BEGIN

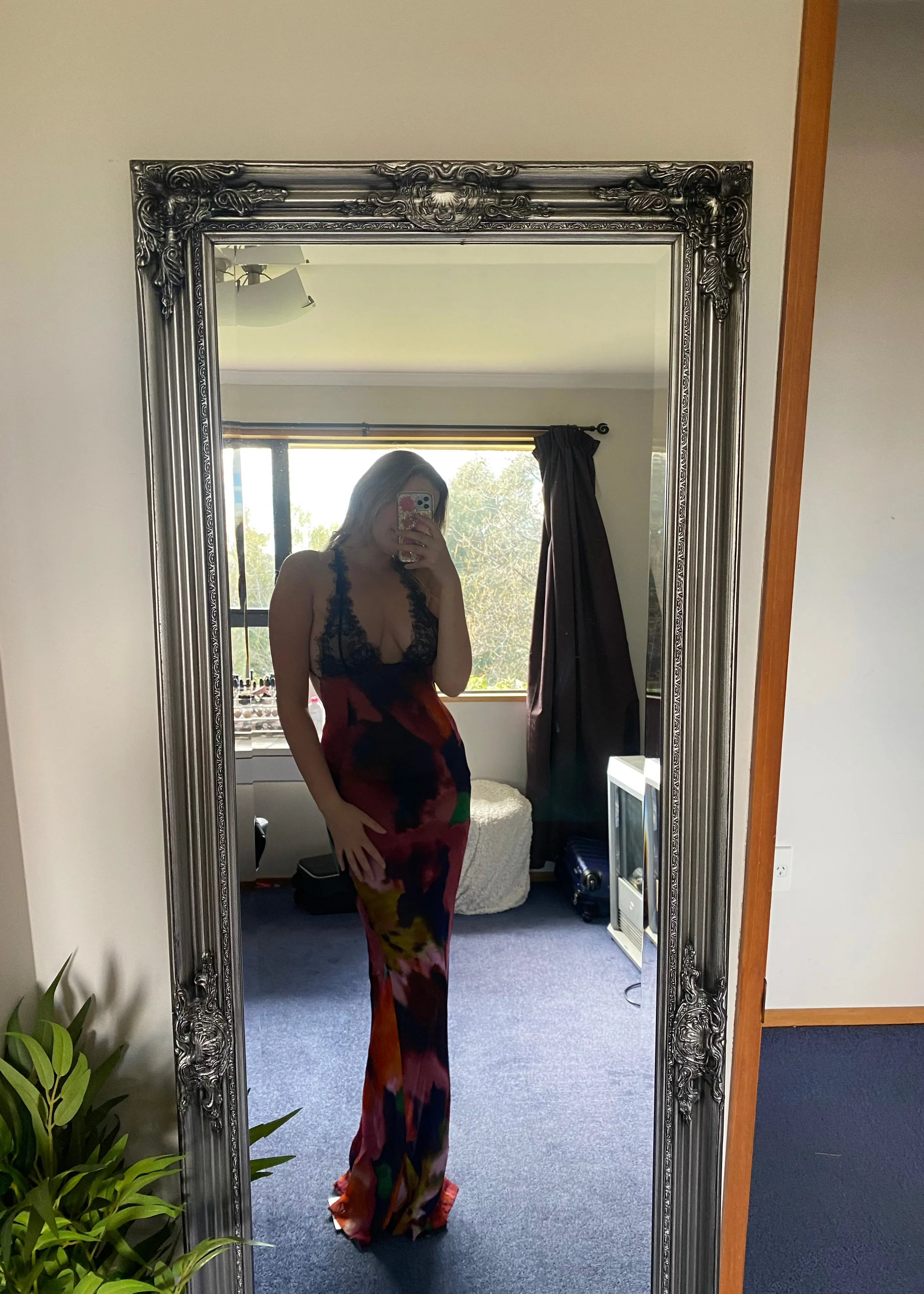 Rat and Boa Paola Maxi Slip Dress, Size L. Featuring a moody, abstract floral print and finished with delicate black lace detailing, it's a floor-skimming slip with delicate, criss-crossing straps and a daringly low-cut back. Perfect for formal events. Front on view of dress.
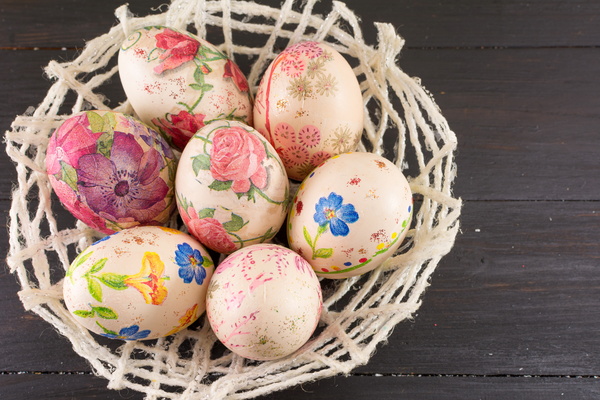 Flower baskets of different painted eggs Stock Photo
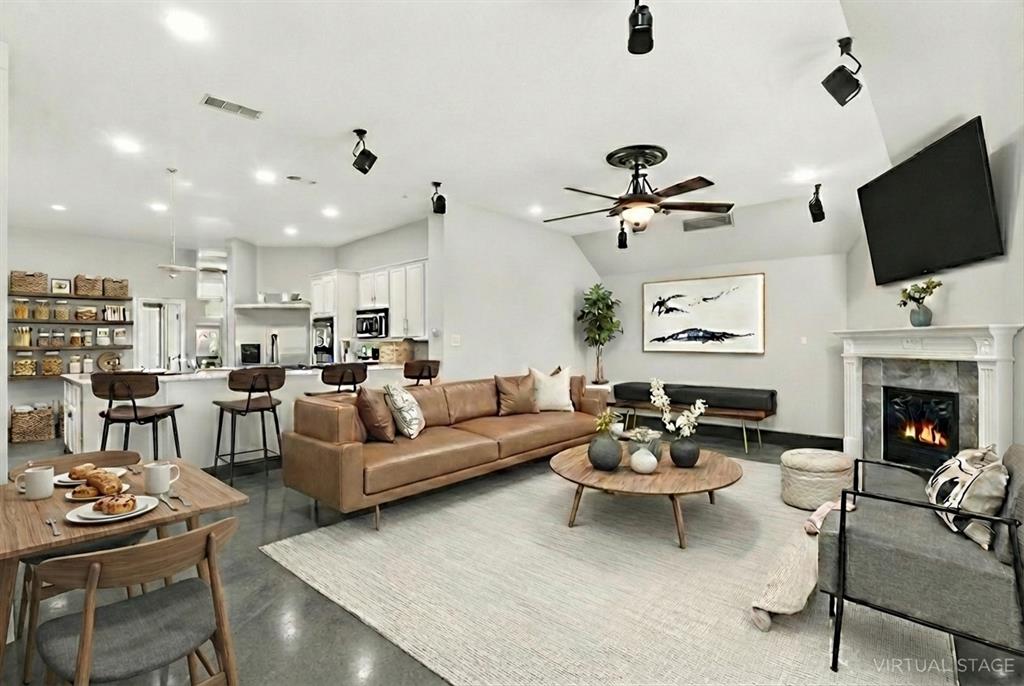 12701 Beech Tree Lane Fort Worth, TX 76040 - Photo 26 of 33 a living room with fireplace furniture and a flat screen tv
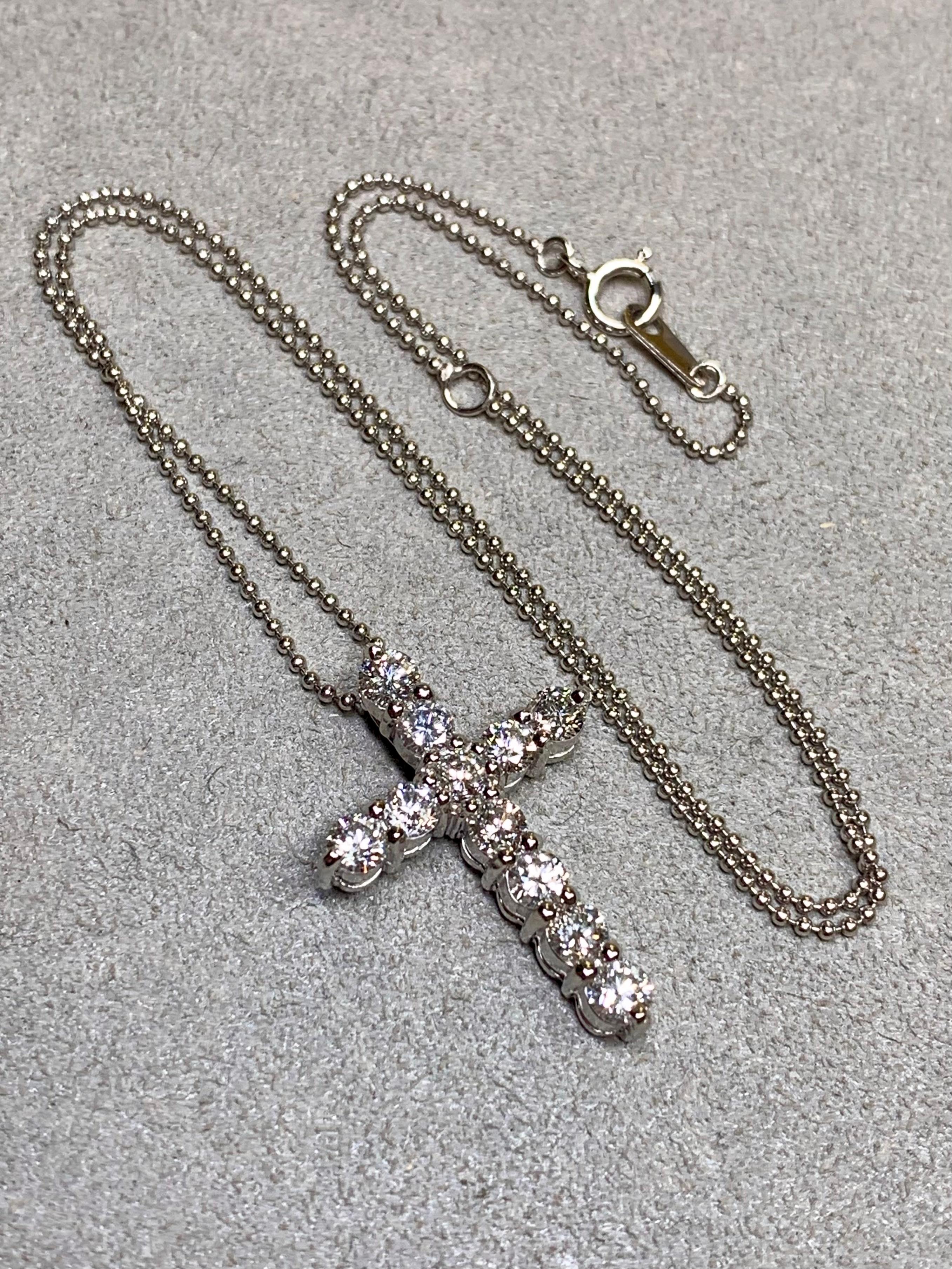 A refined and timeless estate cross pendant crafted in platinum, elegantly prong-set with 1.50 carats total weight of round brilliant-cut diamonds averaging approximately 0.13 carats each. The diamonds display fine G–H color and VS2–SI1 clarity,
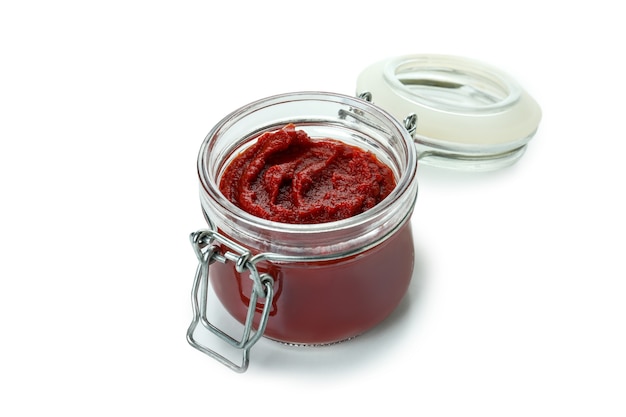 Glass jar of tomato paste isolated on white background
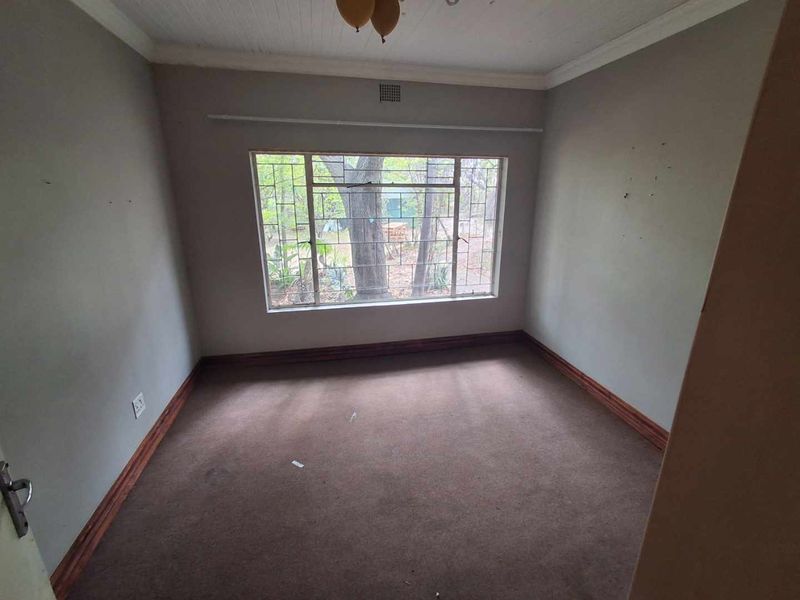 An empty bedroom featuring carpet flooring, timber skirting boards, and security bars on the window, offering a blank canvas for renovation.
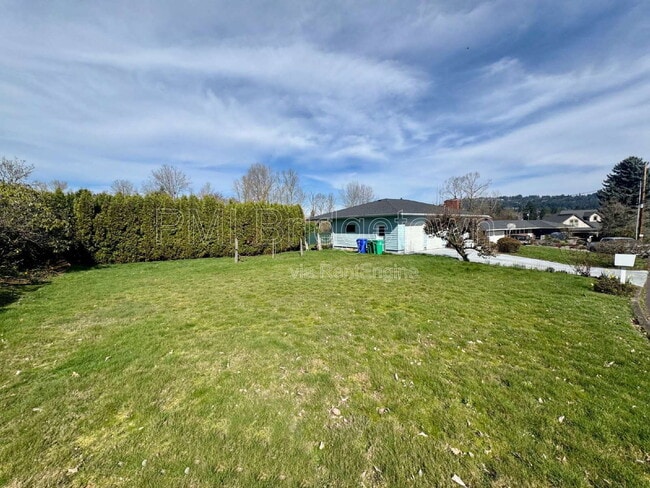 Building Photo - 6999 SE Norbert Dr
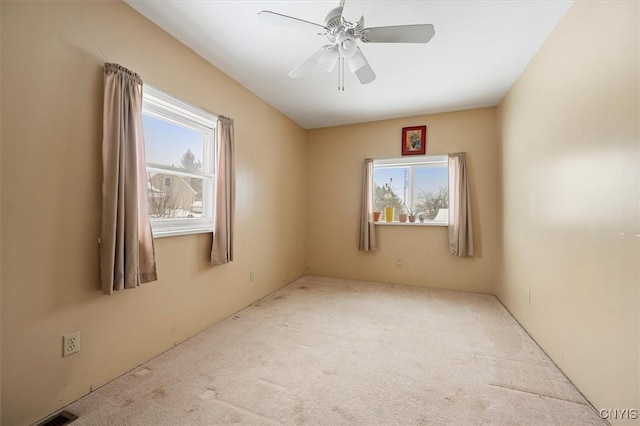 unfurnished room with light carpet, ceiling fan, and a healthy amount of sunlight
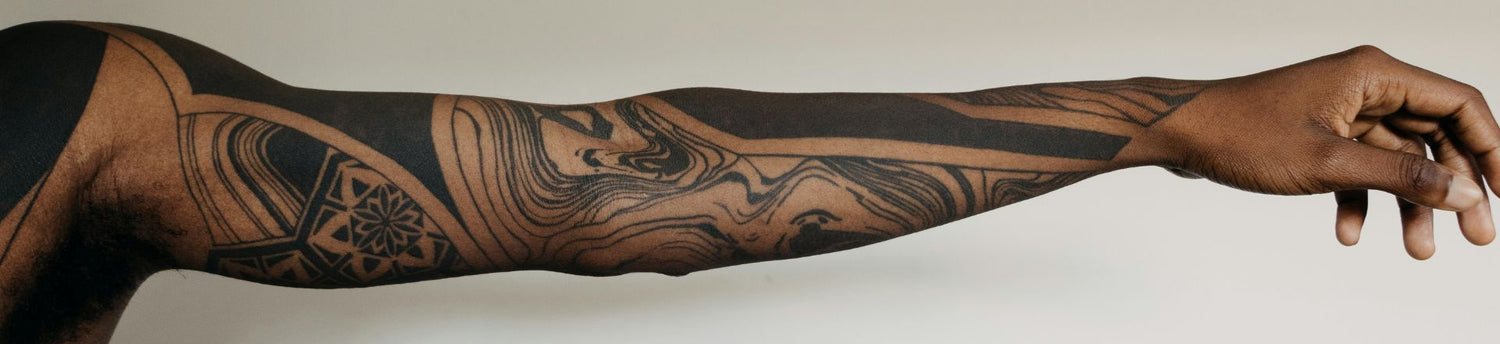 Custom Tattoos Designed on a man's sleeve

END

### WHAT IS NEEDED
Nothing but the lines from the one containing "Flower baskets of" through the last line of the records above should appear, each repeated exactly, with no pictures.

### EXERCISE RESPONSE
 Flower baskets of different painted eggs Stock Photo
 12701 Beech Tree Lane Fort Worth, TX 76040 - Photo 26 of 33 a living room with fireplace furniture and a flat screen tv
 A refined and timeless estate cross pendant crafted in platinum, elegantly prong-set with 1.50 carats total weight of round brilliant-cut diamonds averaging approximately 0.13 carats each. The diamonds display fine G–H color and VS2–SI1 clarity,
 Glass jar of tomato paste isolated on white background
 An empty bedroom featuring carpet flooring, timber skirting boards, and security bars on the window, offering a blank canvas for renovation.
 Building Photo - 6999 SE Norbert Dr
 unfurnished room with light carpet, ceiling fan, and a healthy amount of sunlight
 Custom Tattoos Designed on a man's sleeve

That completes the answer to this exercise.